Tomatoes and red onions are ubiquitous ingredients in Mario’s kitchen. Like the appetizers, our trinity of main dishes all included them, though to varying degrees. Though the appetizers tasted like each other, the main dishes were all very different and interesting. We ordered by number – why else would the items be numbered if they weren’t to be ordered that way? Number 26 is the famous Saltado de Mariscos – a stir fry of octopus, squid, shrimp and vegetables. And there they were. French fries. The flavor of the dish was deep, but the cephalopods were a little chewier than I like. That’s right, I said cephalopods.
Number 14 is another well-known dish. Lomo Saltado is a beef and French fries, sautéed with red onions. Though it’s a stir-fry, it’s nice to see the care Mario’s takes to match the ingredients with each other. Strips of beef and potatoes for French fries are uniform in shape and size, and red onions are cut longitudinally to maintain their integrity as they cook. However, the beef was cooked to well-done, leaving it slightly dry for my taste. But that’s just an excellent excuse for a gratuitous squeeze of the green bottle.

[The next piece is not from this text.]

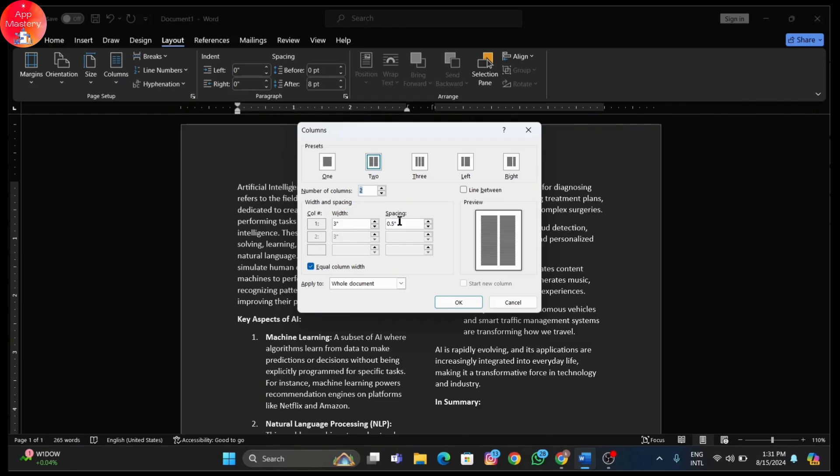Don't forget to check the line between option if you want a line separating the columns. And there you have it - your text is now neatly arranged into columns, perfect for making your document look professional and organized.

Pescado was the third dish, but I’ll be quite honest, it was totally unmemorable, and that’s not just the wine talking. I can’t even remember the dish’s name nor number. It might have been Number 29, the Pescado Frito, but I think it was the Number 30, Pescado Churriano. 29…30. Frito…Churriano. Let’s call the whole thing awfully unremarkable.
By the time we left (almost 8), Mario’s was starting to shut down, and still there were a few patient diners waiting for a table, one of which we had monopolized for almost two hours. Even though I had parked in front of a church, Jesus had watched over my meal, and I had softly cursed “Oh, God…” several times the next morning as I smacked myself in the forehead remembering all my wine-induced antics from the night before, I can’t say that Mario’s was a religious experience for me. But I can’t say it was my last supper there either, since I didn’t really get the full food experience. I’ll be back to give it a second chance. Hey, that’s what Jesus would do.